Action item —
Provide a verbatim copy of all the records below, leaving the images out.

Raw data —
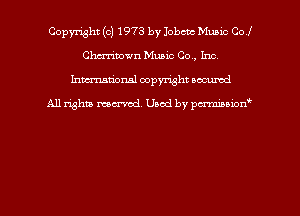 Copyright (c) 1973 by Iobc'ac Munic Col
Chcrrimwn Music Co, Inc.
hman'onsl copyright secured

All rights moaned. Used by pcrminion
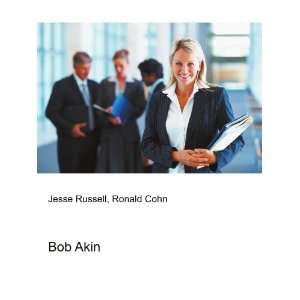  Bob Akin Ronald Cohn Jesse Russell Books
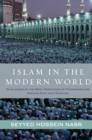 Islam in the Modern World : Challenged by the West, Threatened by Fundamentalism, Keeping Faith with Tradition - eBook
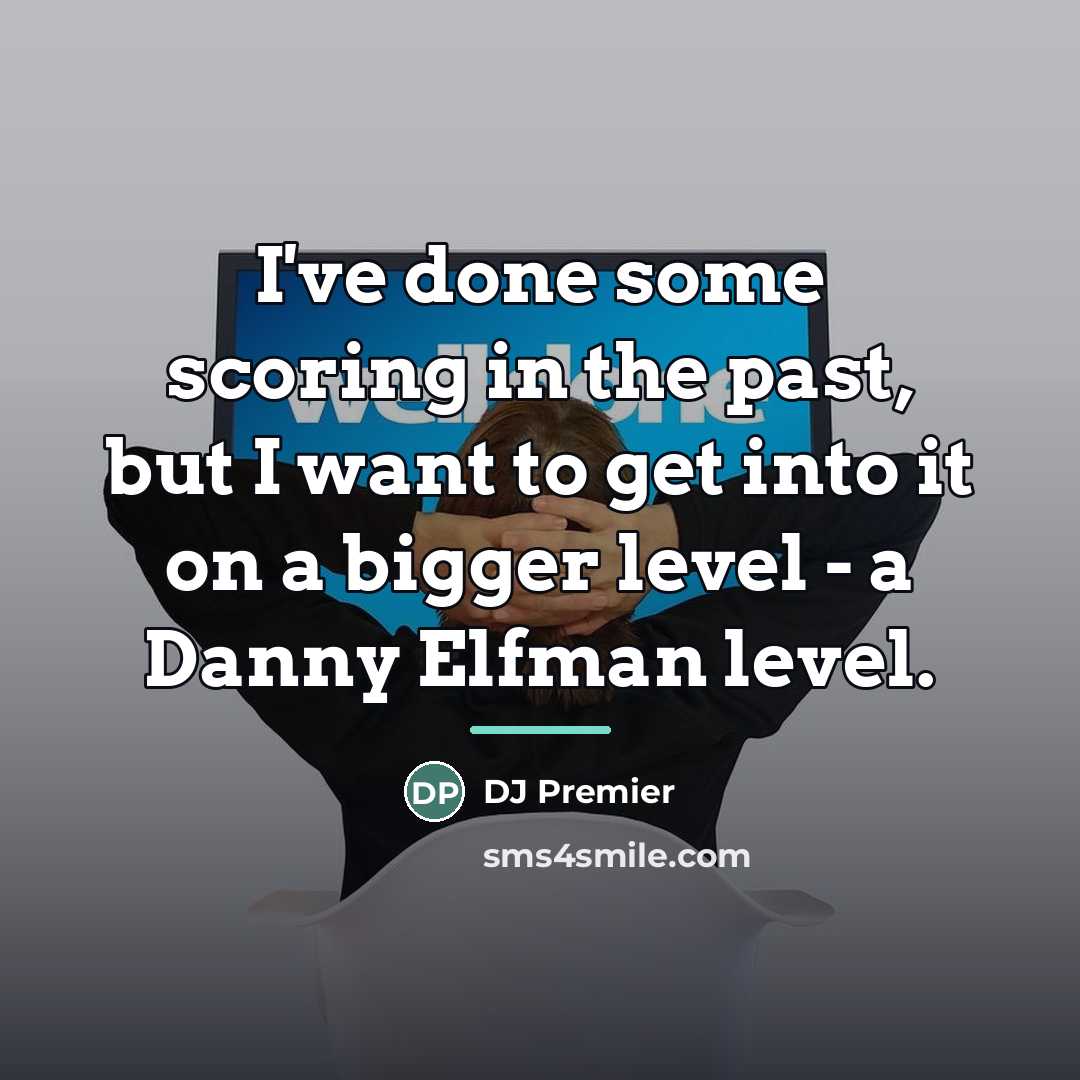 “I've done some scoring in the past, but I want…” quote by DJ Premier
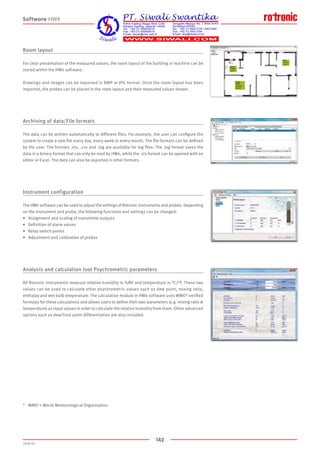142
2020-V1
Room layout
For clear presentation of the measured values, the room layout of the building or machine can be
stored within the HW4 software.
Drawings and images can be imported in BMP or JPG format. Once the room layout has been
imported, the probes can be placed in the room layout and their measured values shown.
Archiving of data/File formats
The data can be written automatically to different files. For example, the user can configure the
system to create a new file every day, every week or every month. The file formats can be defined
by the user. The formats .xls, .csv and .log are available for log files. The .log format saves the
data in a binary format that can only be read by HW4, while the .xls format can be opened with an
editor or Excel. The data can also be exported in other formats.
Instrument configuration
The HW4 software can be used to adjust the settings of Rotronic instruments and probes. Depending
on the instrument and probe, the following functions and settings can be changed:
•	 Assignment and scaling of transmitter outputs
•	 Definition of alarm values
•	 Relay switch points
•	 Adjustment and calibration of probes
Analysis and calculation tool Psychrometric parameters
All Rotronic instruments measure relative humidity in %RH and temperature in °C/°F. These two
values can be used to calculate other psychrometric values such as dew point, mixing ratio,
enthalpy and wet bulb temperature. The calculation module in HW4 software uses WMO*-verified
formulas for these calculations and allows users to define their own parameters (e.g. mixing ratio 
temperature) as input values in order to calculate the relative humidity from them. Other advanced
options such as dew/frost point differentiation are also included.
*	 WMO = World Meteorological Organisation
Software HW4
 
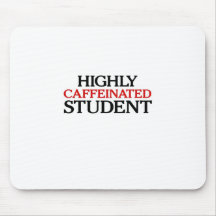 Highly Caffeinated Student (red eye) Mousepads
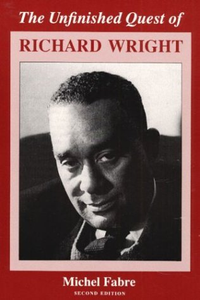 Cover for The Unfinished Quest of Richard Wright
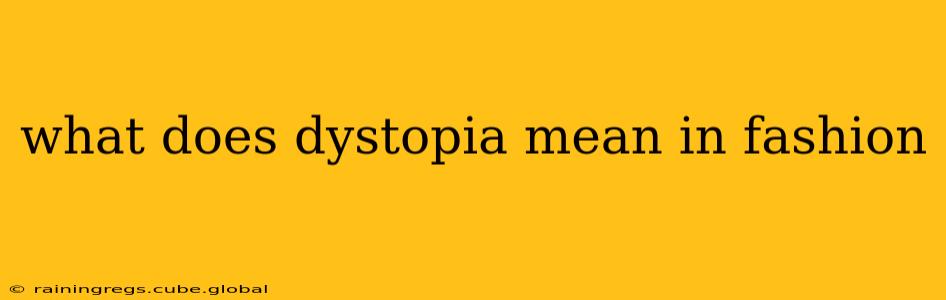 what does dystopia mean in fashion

Problem solution —
 Copyright (c) 1973 by Iobc'ac Munic Col
Chcrrimwn Music Co, Inc.
hman'onsl copyright secured

All rights moaned. Used by pcrminion
  Bob Akin Ronald Cohn Jesse Russell Books
 Islam in the Modern World : Challenged by the West, Threatened by Fundamentalism, Keeping Faith with Tradition - eBook
 “I've done some scoring in the past, but I want…” quote by DJ Premier
142
2020-V1
Room layout
For clear presentation of the measured values, the room layout of the building or machine can be
stored within the HW4 software.
Drawings and images can be imported in BMP or JPG format. Once the room layout has been
imported, the probes can be placed in the room layout and their measured values shown.
Archiving of data/File formats
The data can be written automatically to different files. For example, the user can configure the
system to create a new file every day, every week or every month. The file formats can be defined
by the user. The formats .xls, .csv and .log are available for log files. The .log format saves the
data in a binary format that can only be read by HW4, while the .xls format can be opened with an
editor or Excel. The data can also be exported in other formats.
Instrument configuration
The HW4 software can be used to adjust the settings of Rotronic instruments and probes. Depending
on the instrument and probe, the following functions and settings can be changed:
•	 Assignment and scaling of transmitter outputs
•	 Definition of alarm values
•	 Relay switch points
•	 Adjustment and calibration of probes
Analysis and calculation tool Psychrometric parameters
All Rotronic instruments measure relative humidity in %RH and temperature in °C/°F. These two
values can be used to calculate other psychrometric values such as dew point, mixing ratio,
enthalpy and wet bulb temperature. The calculation module in HW4 software uses WMO*-verified
formulas for these calculations and allows users to define their own parameters (e.g. mixing ratio 
temperature) as input values in order to calculate the relative humidity from them. Other advanced
options such as dew/frost point differentiation are also included.
*	 WMO = World Meteorological Organisation
Software HW4
 
 Highly Caffeinated Student (red eye) Mousepads
 Cover for The Unfinished Quest of Richard Wright
 what does dystopia mean in fashion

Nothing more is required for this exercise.